In the file books_selenium.py, you can see a complete example where selenium is used to get data from multiple categories of books. This file also has code to export the data to a CSV file.

Selenium vs Puppeteer

The biggest reason for Selenium’s popularity and complexity is that it supports writing tests in multiple programming languages. This includes C#, Groovy, Java, Perl, PHP, Python, Ruby, Scala, and even JavaScript. It supports multiple browsers, including Chrome, Firefox, Edge, Internet Explorer, Opera, and Safari.

However, for web scraping tasks, Selenium is perhaps more complex than it needs to be. Remember that Selenium’s real purpose is functional testing. For effective functional testing, it mimics what a human would do in a browser. Selenium thus needs three different components:

  • A driver for each browser
  • Installation of each browser
  • The package/library depending on the programming language used

In the case of Puppeteer, though, the node package puppeteer includes Chromium. It means no browser or driver is needed. It makes it simpler. It also supports Chrome if that is what you need.

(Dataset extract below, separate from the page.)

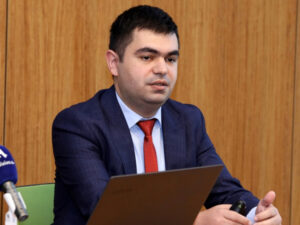 Nazir şöbə müdirini direktor təyin etdi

On the other hand, multiple browser support is missing. Firefox support is limited. Google announced Puppeteer for Firefox, but it was soon deprecated. As of writing this, Firefox support is experimental. So, to sum up, if you need a lightweight and fast headless browser for web scraping, Puppeteer would be the best choice. You can check our Puppeteer tutorial for more information.

Selenium vs Scraping Tools

Selenium is great if you want to learn web scraping. We recommend using it together with BeautifulSoup as well as focus on learning HTTP protocols, methods on how the server and browser exchange data, and how cookies and headers work.